No caeré en el error de preparar planes para el nuevo año, planes que ni cumpliremos en su gran mayoría ni nunca hemos considerado cumplir realmente. No. Este año empieza con una sensación nueva que acompaña a la olvidada ilusión: supervivencia. Este fue el año en que si algo aprendí fue a sobrevivir en un mundo de tristeza y paranoia que invadía mi mente. Del cual pude salir. La oscuridad se dispersó al fin, el cometa que había deslumbrado mi retina pasó para seguramente no volver y mis ojos volvieron a fijarse en las estrellas, esas estrellas que no era capaz de ver mientras estuve deslumbrado.

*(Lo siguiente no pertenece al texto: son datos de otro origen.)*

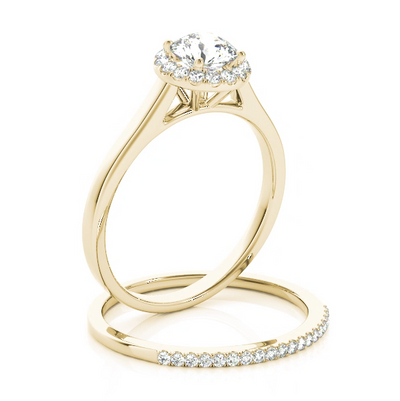 This classic halo engagement ring features a micro pave set diamonds around the center gem. Yellow Gold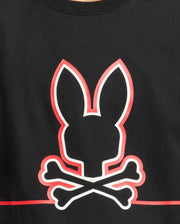 The KIDS DACANO FRONT GRAPHIC TEE - B0U314E200 by Psycho Bunny is a regular fit black shirt featuring a red outlined stylized rabbit head above crossed bones, offering comfort for any casual outing.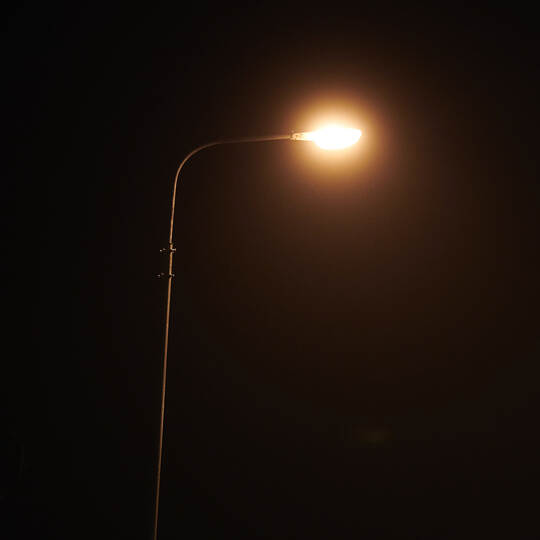 One night lamppost shines with faint mysterious yellow light through evening fog, copy space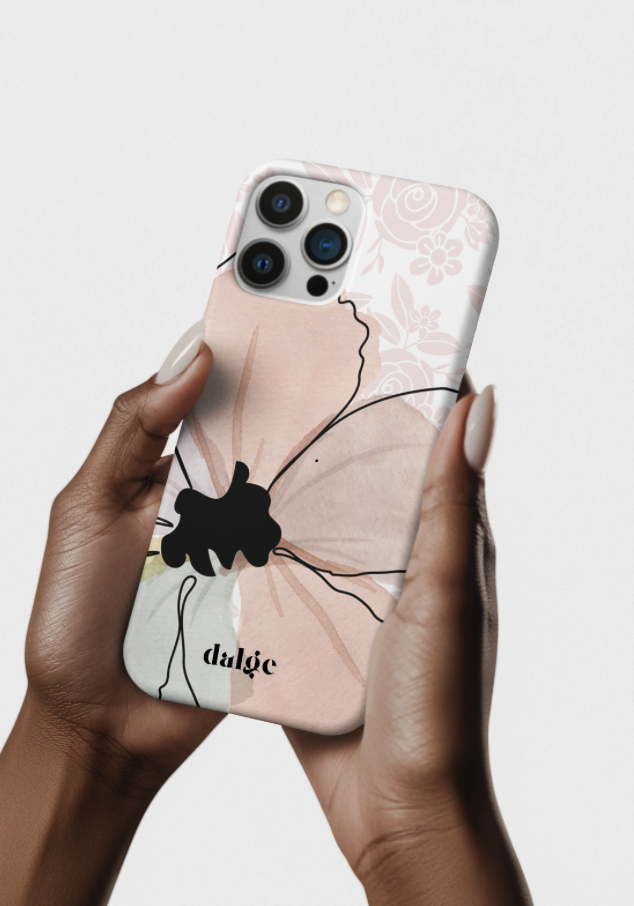 A person holding an iPhone with a floral and abstract butterfly-themed phone case, with the brand name 'dalge' visible on the design, against a plain light background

He recuperado algunos de mis viejos hábitos, con otra perspectiva, y he adquirido algunos nuevos, que supongo que forjarán el camino que espera a mis doloridos pies. Vuelvo a vivir de noche, cuando el fresco ayuda a l pensamiento y a la conversación. Conversaciones que desembocan en oscuros (y loados) tugurios que ennoblecen el alma y amueblan la mente. Quiero volver a vivir el momento, ese pequeño detalle que hace meses se me hubiese escapado y que hoy es capaz de arrancarme de nuevo la sonrisa. En mi vida ha salido de nuevo el sol, aunque conociéndome el parte metereológico me predice posibilidad de chubasco. O aprovechando la cenas de estos días debería decir posibilidad de churrasco.